Before Starting Your Cleanup:
1. Gather Materials
- Cleanup supplies: work gloves to protect your hands and an old bucket or bag to collect trash are the perfect tools for a successful cleanup. Please do not pick up trash if you are not wearing gloves.
- Protection from the elements: Sun protective gear, such as a hat and sunglasses, and breathable clothing is highly recommended.
- Activity essentials: Pack a few essentials like a first aid kit, a filled reusable water bottle, and some of your favorite snacks to stay safe and hydrated.
- Trash tracking tools: Download the Marine Debris Tracker App on your mobile device or print out our Cleanup Data Card and take a pencil to track your finds.
2. Safety First
- Watch our Cleanup Safety Video or read our Cleanup Safety Talk aloud to your cleanup crew. Have a brief discussion at the end to ensure that everyone understands the safety tips, and what not to pick up. DO NOT pick up medical waste, hazardous waste, gloves, masks, syringes, needles, sharp objects, condoms, tampons, waste materials, etc.
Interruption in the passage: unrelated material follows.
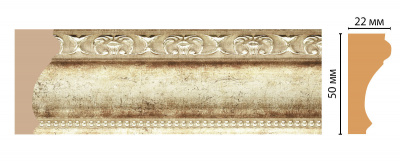 151-127 Молдинг ( 50х22х2400 мм) (28шт)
- Be sure to wash your hands thoroughly once you’ve returned home.
- Limit your cleanup group participants to only the people in your household to accommodate physical distancing and help reduce the spread of COVID-19. If you see other people while you are outside, make sure to stay at least 6 feet away. If you or someone in your household feels sick, please stay home.
3. Pick Your Site (please check for park, beach, and trail closures)
- Adhere to county guidelines and respect closures and find a cleanup site that is accessible for you and everyone in your household and within walking distance from where you live.
- Some of the best cleanup locations could be your neighborhood block, park, creek, or trail with a waste receptacle or trash can nearby.
- When you find a site, make sure you take a photo before your cleanup effort.
- Remember that all storm drains lead to out the ocean, and leading a neighborhood cleanup helps prevent ocean-bound trash from ever making its way down the storm drain. That makes you and your loved ones ocean protectors!
After Your Neighborhood Cleanup:
- Take photos of your family members getting the job done.
- Snap some final photos of what your site looks like after the cleanup.
- Dump your collected trash at the nearest waste receptacle or trash can, and celebrate your work!
- Share your photos and finds by tagging us @healthebay and using the hashtag #healthebay.
- Give each other kudos for being a part of an amazing cleanup effort.
Neighborhood Scavenger Hunt
While this is a fun activity for all ages, we know that the little ones will especially love it. The possibilities for neighborhood scavenger hunts are endless, but here are a few of my favorite ideas for your next neighborhood walk or cleanup together:
Things To Spot
- Art or a mural
- Stop sign
- Something blue like the ocean or the sky
- Out of state license plate
- Tiny bug
- Storm drain
Things To Clean Up
- Snack bags or candy wrappers
- Cups or lids
- Plastic utensils
- Cigarette butts
- Glass bottles
- Aluminum cans
- Soda cans
- Plastic bags
- Plastic pieces
Things to avoid: sharp objects, heavy objects. If you find something that needs to be picked up by city officials. Call 311 to report bulk items.